When data is in the global memory on a GPU it’s usually in row-major or column-major order. Loading from global memory is quite slow though, so for performance we want to move the data to shared memory for the threads in a warp to work on.
To make that load from global memory performance we want memory reads to be coalesced, meaning we are reading contiguous chunk of memory at a time. Shared memory on the other hand is divided into banks, typically 32 banks which are 4 bytes wide. If multiple threads in the same warp try to write to different addresses in the same bank then the requests are processed sequentially, slowing things down while the threads wait on each other. Nsight and other profiling tools will helpfully point this out to you!
For example, let’s say we’re loading a row major and column major tensor, and will be doing a multiplication between them (this is naive, to demonstrate the issue):
__shared__ float Asub[TILE_DIM][TILE_DIM]; __shared__ float Bsub[TILE_DIM][TILE_DIM]; // (No padding in this naive version) int lane = threadIdx.x; // 0...31 (warp lane index) int tileRow = blockIdx.y * TILE_DIM; int tileCol = blockIdx.x * TILE_DIM; int globalRow = tileRow + lane; int globalCol = tileCol + lane; Asub[lane][0] = A[globalRow * N + tileCol + 0]; Bsub[lane][0] = B[(tileRow + lane) + (tileCol + 0) * N];
Now when we fill Bsub we will be writing everything to the same shared memory bank, significantly slowing things down.
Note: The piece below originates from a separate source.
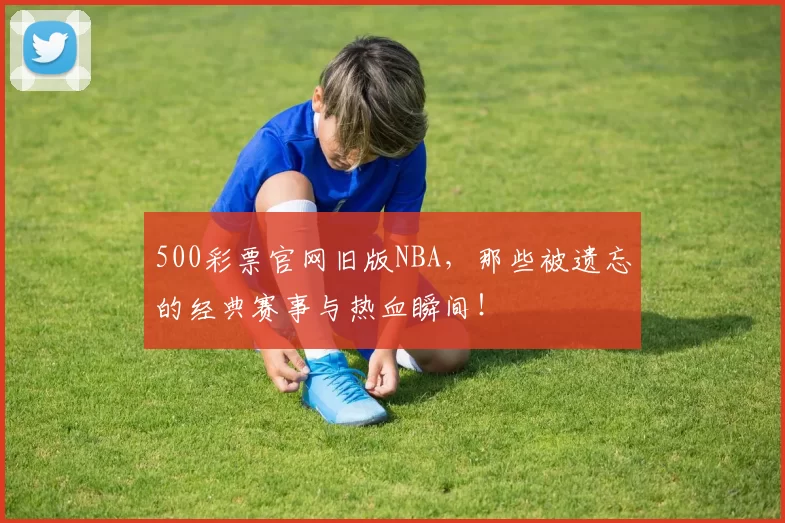 500彩票官网旧版NBA,那些被遗忘的经典赛事与热血瞬间!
One easy fix is just to add padding:
__shared__ float Asub[TILE_DIM][TILE_DIM]; // A tile (row-major, no conflict in our case) __shared__ float Bsub[TILE_DIM][TILE_DIM + PAD]; // B tile (extra column to prevent conflicts)
With PAD as 1 (and TILE_DIM as 32) we have 32×33, or 132 bytes, offsetting the writes and ensuring that each thread gets its own bank.
The downside is that this wastes shared memory, a scarce resource, so an alternative approach is swizzling: changing the layout such that consecutive thread accesses aren’t causing bank conflicts. That’s what Bert implemented to get performance in his recent GEMM walkthrough, but it’s easy to get it wrong.
To make life easier than writing it in raw CUDA, Cutlass has a system called CuTE. Cute is a set of templates to express layout of data:
auto tileLayout = make_layout(make_shape(Int<32>{}, Int<32>{}), GenRowMajor{});
auto swizzledLayout = composition(Swizzle<5, 0, 5>{}, tileLayout);
Here you specify how the data is laid out in global memory with the shape and stride, then make_layout and the copy operation take care of translating from the row-major layout in global memory to the swizzled layout in shared memory.
From a Triton perspective, Lei Zhang has a great post on memory access, and how it works in Triton, specifically the LinearLayout class that allows the language to similarly handle swizzling and layouts for you:
Indeed the whole point of LLs is that they allow us to specify transposed and swizzled layouts as a “general case”. Instead of a layout class for registers in a thread, and another layout for registers in a thread but in MMAv2 order, and so on, all of these can be represented by different LLs. This gets rid of special cases and lets us write more general code.
There’s a great colfax report on building GEMMS that covers shared memory bank conflicts, and Lei Mao has a post with a nice illustration. Axel Feldman also has a post about benchmarking different approaches and identifying bank conflicts, and some more efficient loading techniques.